Could-isms and etcetera-ization: I too would like to believe these can be lectured out of policy and management

By empty signifiers I mean crisis scenarios which have been emptied of content but which haven’t subsequently disappeared. Now lighter than air they continue to float around claiming policy attention. I focus on two phenomena–could-isms and etcetera-ization–which signal the active gutting of crisis content in policy and management scenarios.

Could-isms

I

The best way to explain this phenomena is diving anywhere into the crisis literature. Here is one from many:

Our expert-interview exercise with leading thinkers on the topic revealed how climate technologies can potentially propagate very different types of conflict at different scales and among diverse political actors. Conflict and war could be pursued intentionally (direct targeted deployment, especially weather-modification efforts targeting key resources such as fishing, agriculture, or forests) or result accidently (unintended collateral damage during existing conflicts or even owing to miscalculation). Conflict could be over material resources (mines or technology supply chains) or even immaterial resources (patents, soft- ware, control systems prone to hacking). The protagonists of conflict could be unilateral (a state, a populist leader, a billionaire) or multi- lateral in nature (via cartels and clubs, a new “Green OPEC”). Research and deployment could exacerbate ongoing instability and conflict, or cause and contribute to entirely new conflicts. Militarization could be over perceptions of unauthorized or destabilizing deployment (India worrying that China has utilized it to affect the monsoon cycle), or to enforce deployment or deter noncompliance (militaries sent in to protect carbon reservoirs or large-scale afforestation or ecosystem projects). Conflict potential could involve a catastrophic, one-off event such as a great power war or nuclear war, or instead a more chronic and recurring series of events, such as heightening tensions in the global political system to the point of miscalculation, counter-geoengineering, permissive tolerance and brinksmanship. . . .

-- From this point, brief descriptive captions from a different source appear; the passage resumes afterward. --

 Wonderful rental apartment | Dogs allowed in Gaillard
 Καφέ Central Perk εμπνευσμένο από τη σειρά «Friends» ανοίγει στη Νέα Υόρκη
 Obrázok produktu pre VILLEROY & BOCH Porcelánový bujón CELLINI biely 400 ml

States and actors will need to proceed even more cautiously in the future if they are to avoid making these predictions into reality, and more effective governance architectures may be warranted to constrain rather than enable deployment, particularly in cases that might lead to spiralling, retaliatory developments toward greater conflict. After all, to address the wicked problem of climate change while creating more pernicious political problems that damage our collective security is a future we must avoid.

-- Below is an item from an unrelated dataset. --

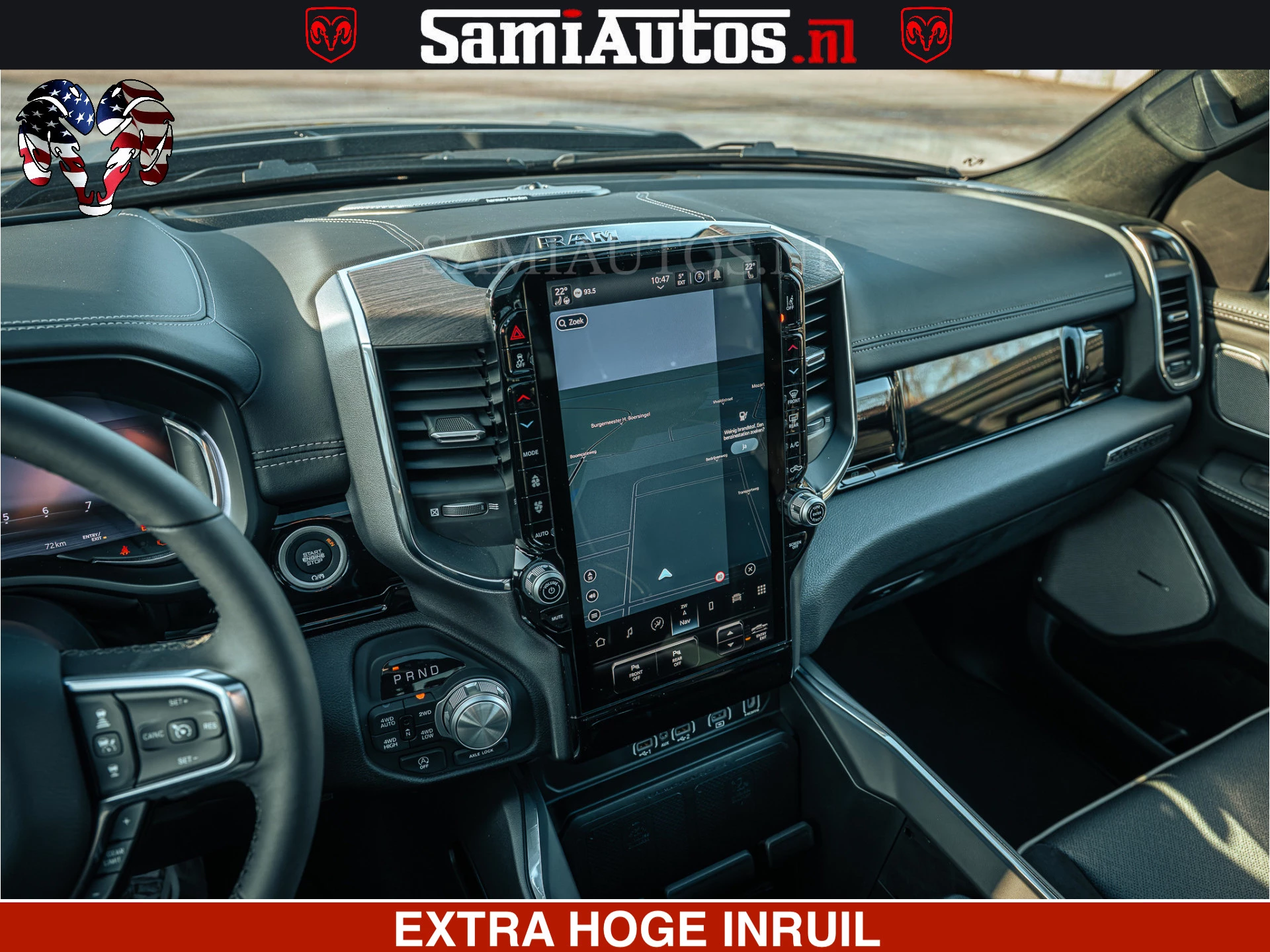 Hoofdafbeelding Dodge Ram 1500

https://www.sciencedirect.com/science/article/pii/S2211467X22002255 (my bolds)

Let’s be clear about this: All such “coulds-as-possibilities” do not add up to one single “must-as-necessity.”

The only way “could” leads to “must” would mean that the article began with the last sentence’s “must avoid” and then proceeded to demonstrate how to undertake really-existing avoidance with respect to said-research and the could-events.

II

Please note what I am saying. There may indeed be really-existing cases–the article suggests so–where that demonstration of “must-avoid” has been or is being made. In these cases, there is no seriatim “might, can, perhaps, possibly or potentially” qualifying this plausibility or outright demonstration.

Etcetera-ization

I

Today it is easy to demonstrate all manner of etcetera-ization of factors said to be structurally operative at the micro-meso-macro levels of policy and management: racism, sexism, neoliberalism, militarism, imperialism, nationalism, populism, consumerism, extractivism, colonialism, along with globalization, financialization, urbanization, marketization, commodification, automation, and all the etcetera-etcetera I could/should list out but don’t.

The problem of course with such et-al lists is: Your micro-meso-macro and my micro-meso-macro are not the same. We differentiate levels of analysis differently and these different granularities have important policy and management implications.

Example. In Botswana, activities around livestock boreholes were once seen through a three-fold lens: at the site, within the locality, across the inter-locality. Cattle moved between village and cattle-post seasonally, cattle management differed if the livestock watering borehole were in the sandveld or the hardveld, and real-time management at the borehole site depended on contingent factors like whether the borehole was operating and who was doing the herding.

Now, of course, that same borehole had other levels of analysis: the district, the country, Southern Africa and all the way up, though these were more loosely coupled to real-time livestock activities than factors at the site/locality/inter-locality. Again please note that I am not dismissing any of these structural factors, be they mentioned explicitly or collapsed into that ubiquitous list-end, “etc.”

II

So what?

If you leave out differences that matter on the ground, how then can you identify the run of different cases over which really-exiting better practices evolve, if any, to deal with these structural factors and which, as practices, can be modified in light of new but likewise specific factors identified?